Looking at things from a lower altitude:

I didn't use Unix at all, really, from about 1990 until 2002, when I joined Google. (I worked entirely on Plan 9, which I still believe does a pretty good job of solving those fundamental problems.) I was surprised when I came back to Unix how many of even the little things that were annoying in 1990 continue to annoy today. In 1975, when the argument vector had to live in a 512-byte-block, the 6th Edition system would often complain, 'arg list too long'. But today, when machines have gigabytes of memory, I still see that silly message far too often. The argument list is now limited somewhere north of 100K on the Linux machines I use at work, but come on people, dynamic memory allocation is a done deal!

I started keeping a list of these annoyances but it got too long and depressing so I just learned to live with them again. We really are using a 1970s era operating system well past its sell-by date. We get a lot done, and we have fun, but let's face it, the fundamental design of Unix is older than many of the readers of Slashdot, while lots of different, great ideas about computing and networks have been developed in the last 30 years. Using Unix is the computing equivalent of listening only to music by David Cassidy.

11) Re: Plan9 - by Spyffe

Rob,

Right now, there are a large number of research kernels. Plan 9, Inferno, AtheOS, Syllable, K42, Mach, L4, etc. all have their own ideas about the future of the kernel. But they all end up implementing a POSIX interface because the UNIX userland is the default.

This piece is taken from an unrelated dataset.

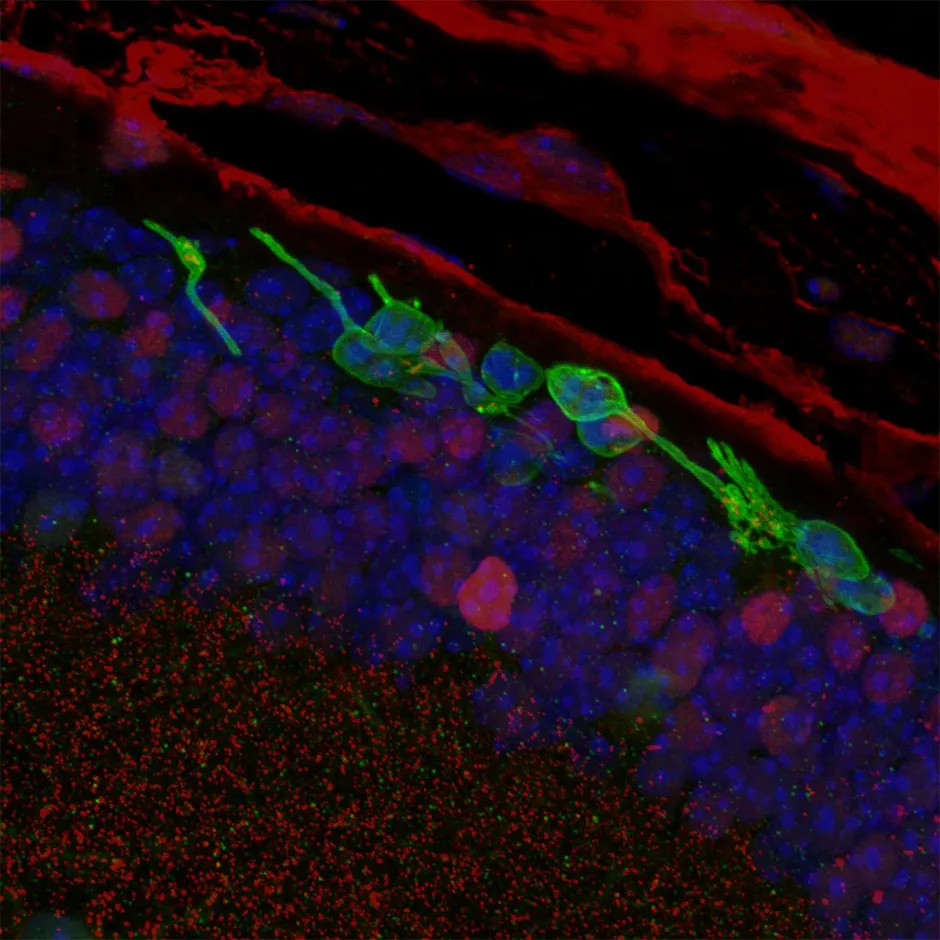 The photoreceptor cells, shown in green, three months after transplantation © Sai Chavala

The kernel space needs to be invigorated using a new userland that demands new and innovative functionality from the underlying system. Suppose you were to design a user environment for the next 30 years. What would the central abstractions be? What sort of applications would it support?


Pike:
At the risk of contradicting my last answer a little, let me ask you back: Does the kernel matter any more? I don't think it does. They're all the same at some level. I don't care nearly as much as I used to about the what the kernel does; it's so easy to emulate your way back to a familiar state.

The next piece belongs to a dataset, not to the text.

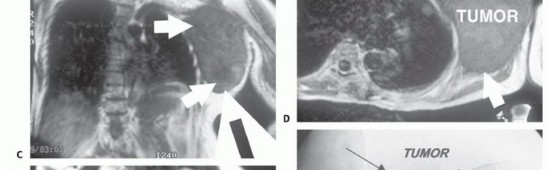 Illustration 16 for Limb-Sparing Resections Around the Shoulder: Optimizing Outcomes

Applications - web browsers, MP3 players, games, all that jazz - and networks are where the action is today, and aside from irritating little incompatibilities, the kernel has become a commodity. Almost all the programs I care about can run above Windows, Unix, Plan 9, and on PCs, Macs, palmtops and more. And that, of course, is why these all have a POSIX interface: so they can support those applications.

And then there's the standard network protocols to glue things together. It's all a uniform sea of interoperability (and bugs).

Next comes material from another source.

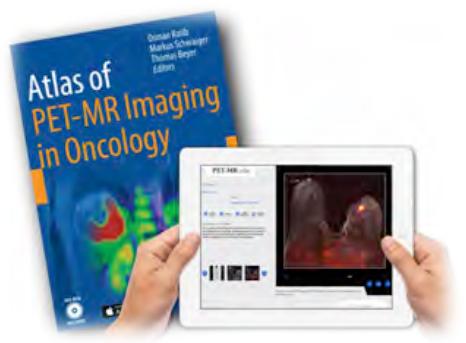 [img]Publication du premier Atlas d’imagerie  hybride PET-IRM[/img]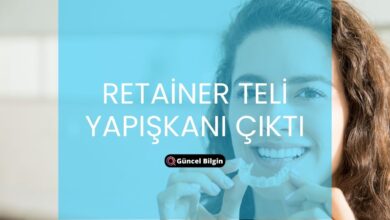 Photo of Retainer Teli Yapışkanı Çıktı Ne Yapmalıyım? Çözüm Rehberi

I think the future lies in new hardware as much as in new software. A generation from now machines will be so much more portable than they are now, so much more powerful, so much more interactive that we haven't begun to think about the changes they will bring. This may be the biggest threat to Microsoft: the PC, the desktop, the laptop, will all go the way of the slide rule. As one example, when flexible organic semiconductor displays roll out in a few years, the transformation in how and where people use computers and other devices will be amazing. It's going to be a wild ride.